Menepuk tangannya pelan, Ayu berusaha membangun suasana ceria. Membuang aura menyeramkan yang sempat ia ciptakan tadi. “Oke, oke. Hari ini tidak boleh ada awan kelabu. Kamu sudah selesai, kan, makannya?” tanya Ayu yang dijawab dengan anggukan kepala oleh Arjuna. “Bagaimana kalau kita ke keliling kapal ini? sepertinya akan menghabiskan banyak waktu.”

Berhasil menarik perhatian Arjuna, kini keduanya bergegas pergi meninggalkan restoran. Menghabiskan waktu dengan berjalan di atas kapal tanpa tujuan. Ayu merasa bahagia, mendengar Arjuna yang mulai aktif menanggapi ocehannya, dan terkadang melantunkan kutipan dari salah satu buku Beasty.

Setelah puas melihat sekelompok pemain orkestra menunjukkan kepiawaiannya dalam bermain alat musik. Ayu dan Arjuna berjalan beriringan, menyusuri beberapa bagian kapal seperti casino dan tempat hiburan.

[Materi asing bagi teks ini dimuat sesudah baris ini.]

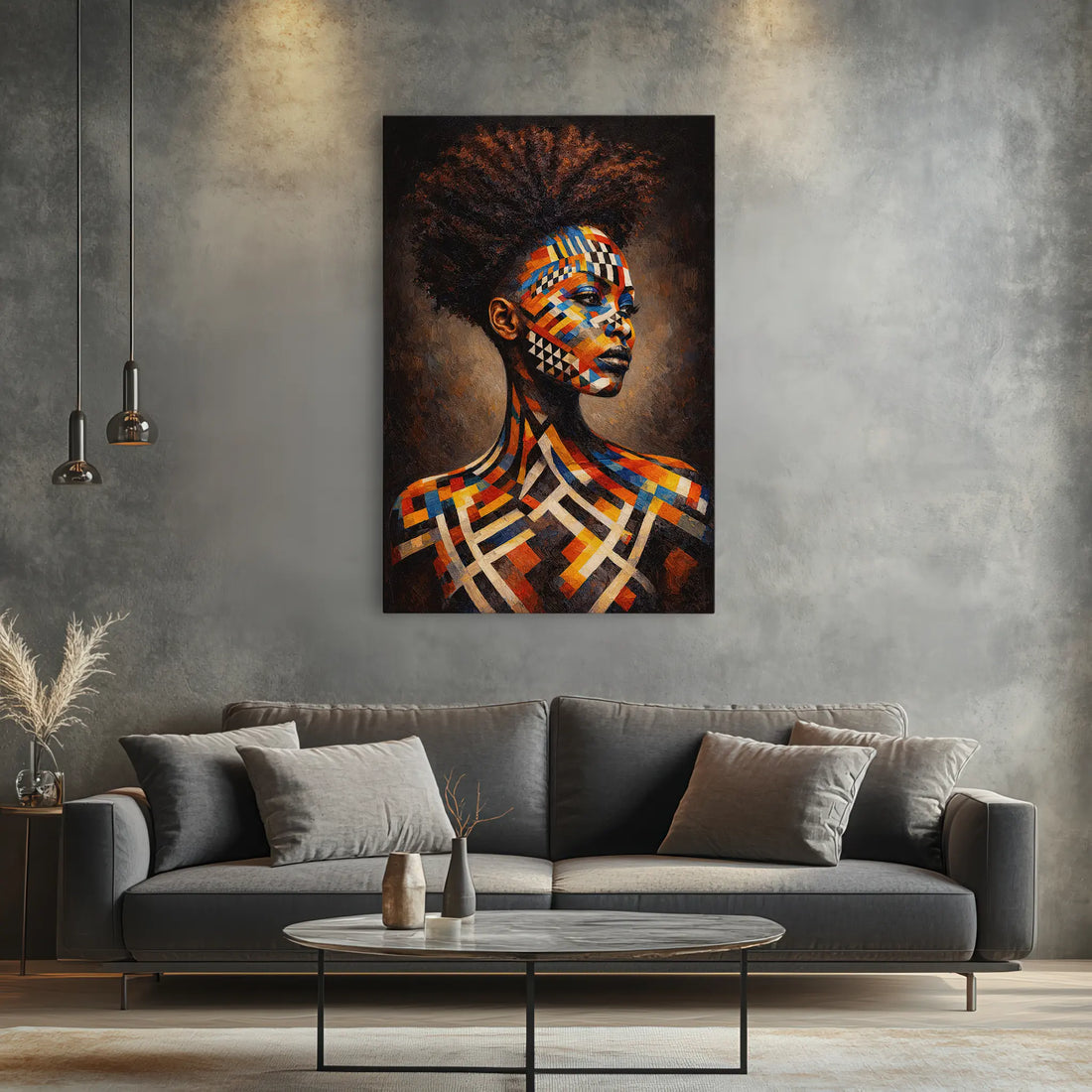 Mosaic Pattern Profile Portrait Giclée Print 235010 Visual Wall Art AR2:3V Giclée Print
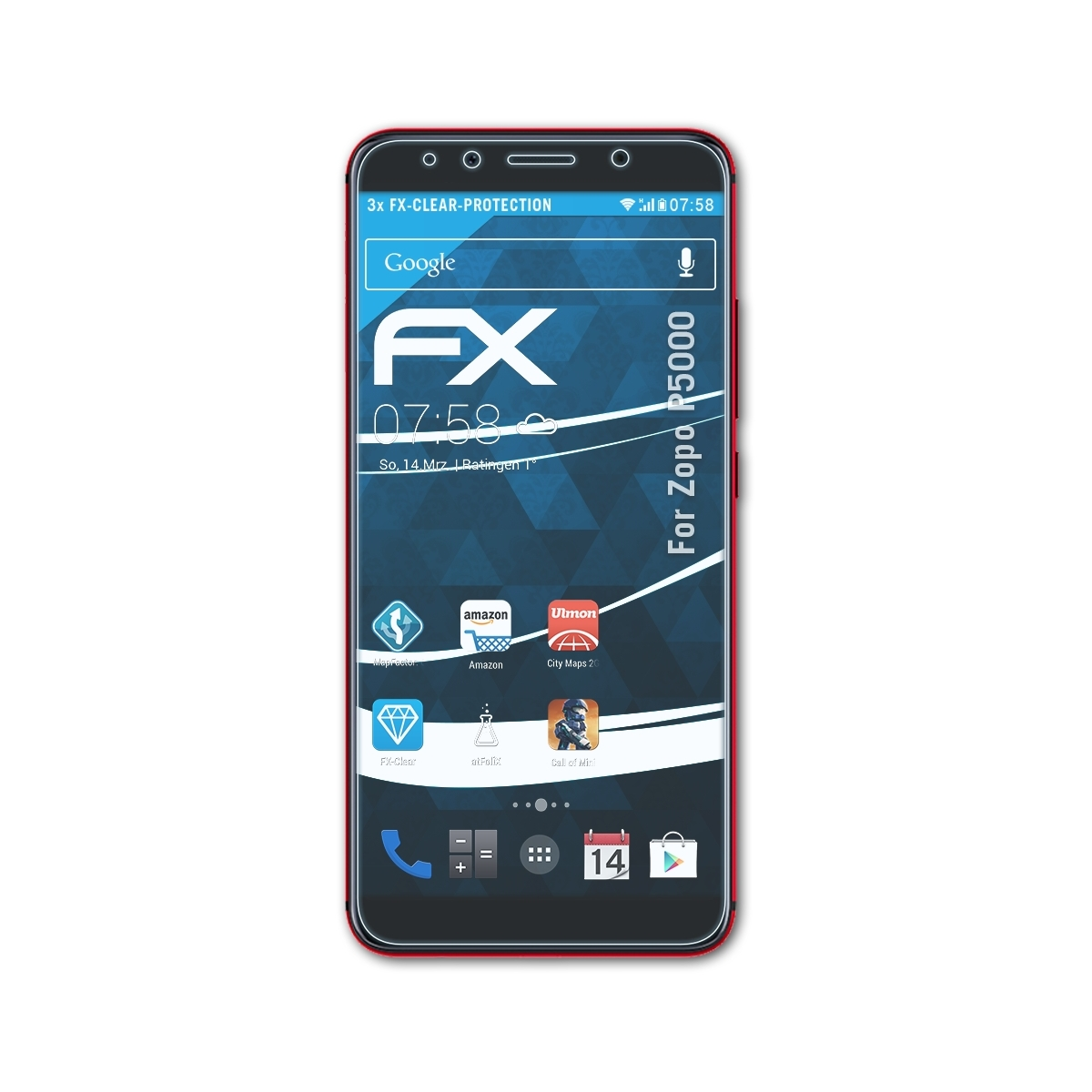 ATFOLIX 3x P5000) FX-Clear Displayschutz(für Zopo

“Ayu?” Panggilan yang terdengar ragu, membuat Ayu meredakan tawanya setelah menceritakan kesialan yang dirinya alami saat melukis di taman. Arjuna yang ada di sampingnya ikut menoleh ke sumber suara.

Seketika senyum Ayu pudar, melihat sang Mama dan beberapa orang yang ia kenal sebagai teman mamanya itu berdiri tepat di depan pintu ruang pameran lukisan. Menatapnya tanpa senyum, serta sorotan penuh tanda tanya dari rekan ibunya.

Ayu terdiam sesaat, lalu menghampiri sang Mama setelah menarik pelan tangan Arjuna yang ingin menjauh dari sisinya.

“Oh, Mama,” ucap Ayu tenang. “Hallo, Tante. Apa kabar?” tanya Ayu dengan mengulurkan tangannya. Menyalami satu persatu wanita di hadapannya.

“Dia … siapa?” ucap Sekar ragu, tapi tidak mengalihkan pandangannya dari Arjuna yang sudah terlihat gelisah mengetahui arti dari tatapan tersebut.

Mengalihkan perhatian mamanya, Ayu berkata, “Ah, iya. Dia Arjuna, salah satu penumpang di kapal ini.” Rasanya Ayu ingin menertawakan kebodohannya, mengenalkan Arjuna dengan cara seperti ini.

“Jangan lupa nanti kita akan makan malam bersama. Mama tunggu kamu,” ucap sang Mama, lalu mengajak rekannya berlalu tanpa menanggapi ucapannya tentang Arjuna.

Lagi-lagi Ayu merasa bersalah. Menoleh ke arah Arjuna, Ayu tersenyum canggung dan berkata, “Maaf, atas tindakan Mama saya.”

“Tidak masalah, jangan khawatir. Saya sudah paham.” Arjuna melayangkan tatapan yang begitu menenangkan. Memaklumi kejadian yang baru saja terjadi.

“Ayo, kita lanjutkan perjalanan ini.”

Tak terasa, matahari mulai turun dari singgasananya. Burung-burung pun terbang, kembali ke kediamannya masing-masing. Artinya pertemuan keduanya juga harus diakhiri, Ayu tidak mungkin melewatkan makan malam bersama keluarganya.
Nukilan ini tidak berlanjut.